The Accidental Keyhand by Jen Swann Downey

The Accidental Keyhand by Jen Swann Downey

Author:Jen Swann Downey
Language: eng
Format: mobi, epub
Publisher: Sourcebooks, Inc.
Published: 2014-02-25T22:00:00+00:00


CHAPTER 13

A SLIGHT CHANGE OF PLANS

That evening, Dorrie thought the apprentices would never go to bed. Marcus hadn’t helped by drawing different-colored circles on the floor with chalk and insisting that everyone had to learn how to play Twister. Only Millie had refused, saying she had some reading to do. After that, Mathilde had brought out a jar of popcorn kernels to roast over the fire in a wire basket with a long handle. Just when people finally began to pick up the pieces of their projects and games, and put down their books, the den door opened a crack and Izel slipped inside, home from the evening meteorology practicum.
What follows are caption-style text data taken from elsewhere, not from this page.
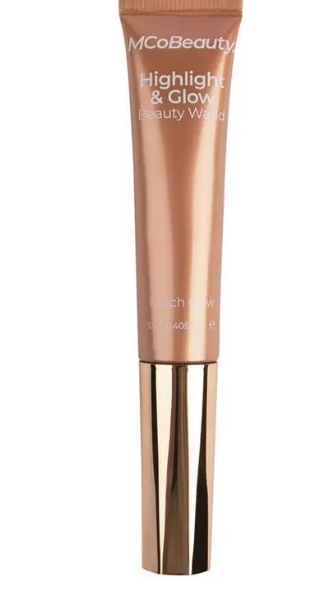 MCoBeauty Highlight & Glow Beauty Wand Peach Glow New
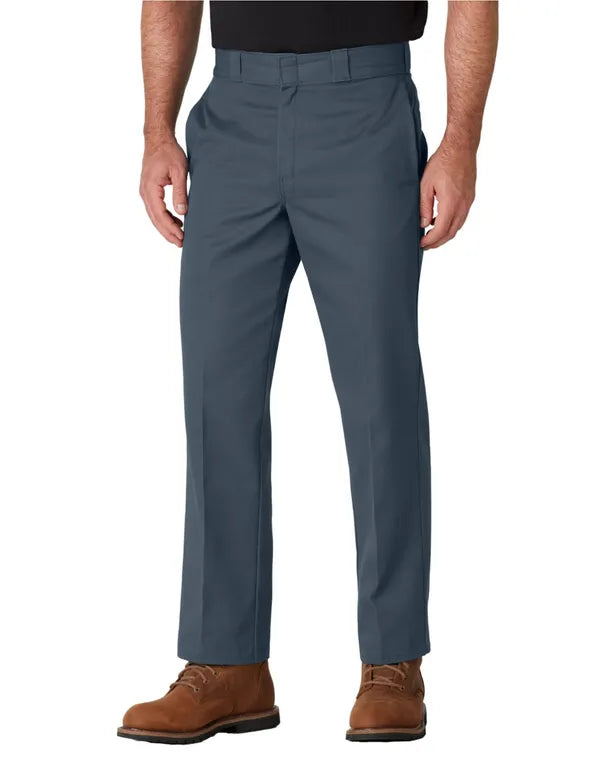 PANTALÓN DE TRABAJO DICKIES ORIGINAL 874 HOMBRE - AZÚL AIRFORCE (874AF)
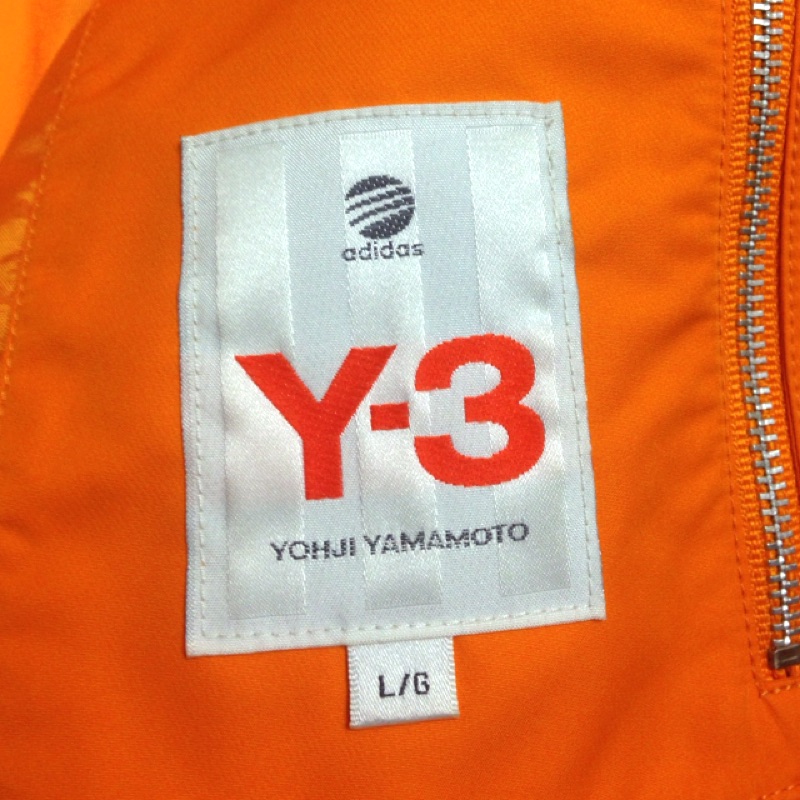 Y-3 Y3 Yoji Yamamoto 山本耀司 羽絨外套
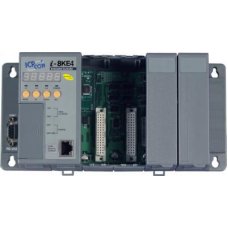 Модуль I-8KE4-MTCP-G Remote Ethernet I/O expansion unit, 4 I/O slot, 1xEthernet, Modbus/TCP software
She hung her emerald-green cloak on a peg. “Did you hear?” She didn’t wait for an answer before hurtling on. “The lybrarians have called all three keyhands back from Athens, 399 BCE.”

Dorrie spilled some of her popcorn at the mention of the archway she’d gone through.

“Why?” said Ebba.

Izel turned to face them, her eyes bright. “Socrates was found guilty.”
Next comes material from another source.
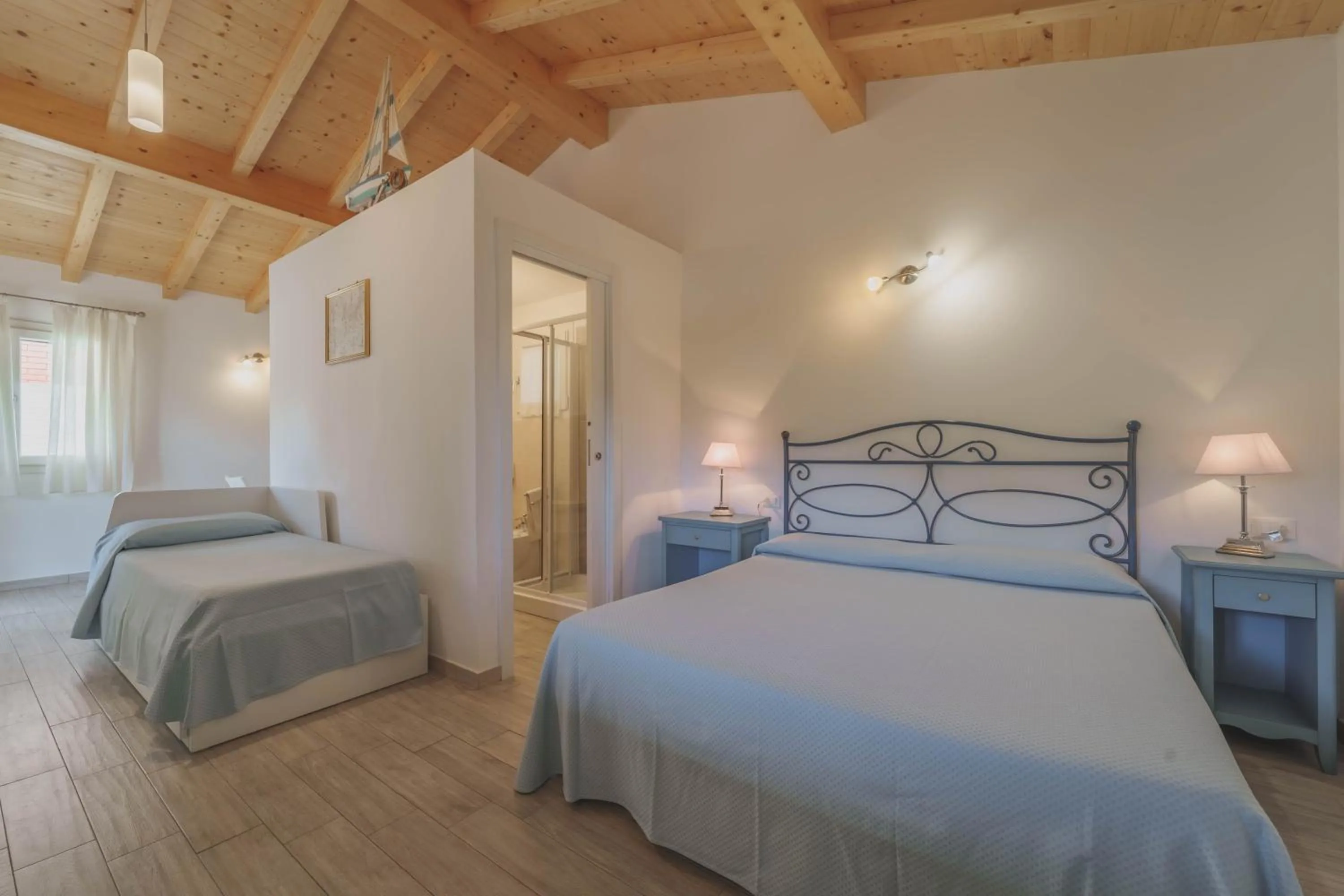 TV and multimedia, Bed in Hotel Galli - Wellness & Spa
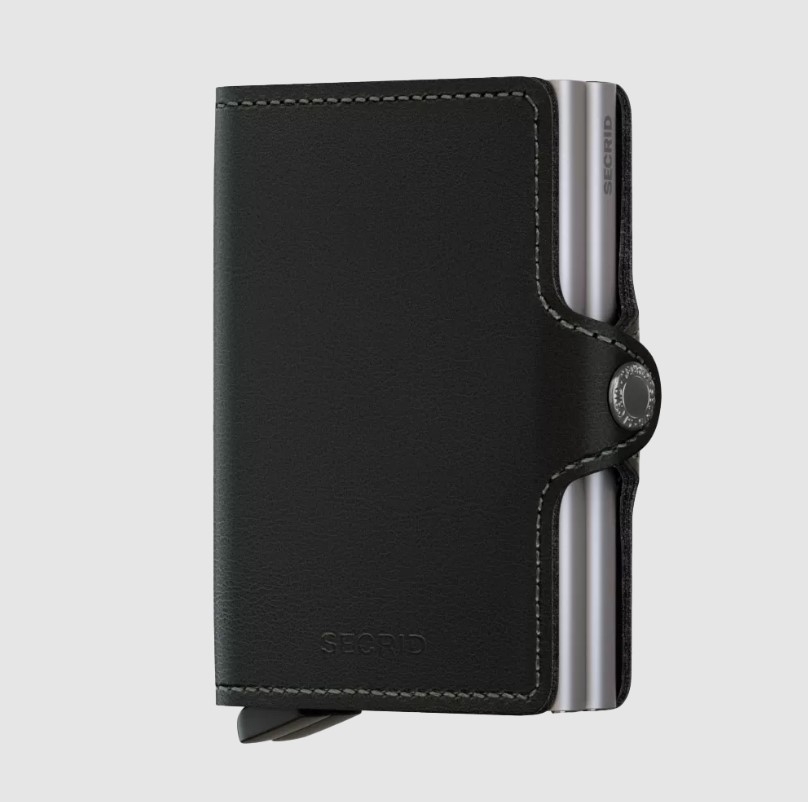 Kortholder/lommebok med RFID beskyttelse.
There was a general stir in the room, and little gasps and moans.

“Aspasia must feel awful,” said Mathilde. “She’s been working so hard to sway public opinion.”

“She couldn’t even get them to change the punishment,” said Izel. “The Athenian jury still sentenced him to drink the hemlock.”

Watching Izel, Dorrie couldn’t help but feel that the apprentice seemed more pleased with the excitement of bearing the news than bothered by its nature.

“But why call them back?” asked Marcus. “Why can’t the lybrarians just pour on a little ninja sauce and break him out of wherever they’re holding him?”

“Oh, what a brilliant idea,” Millie muttered, without looking up from where she sat scratching away with a quill. “We should try that.”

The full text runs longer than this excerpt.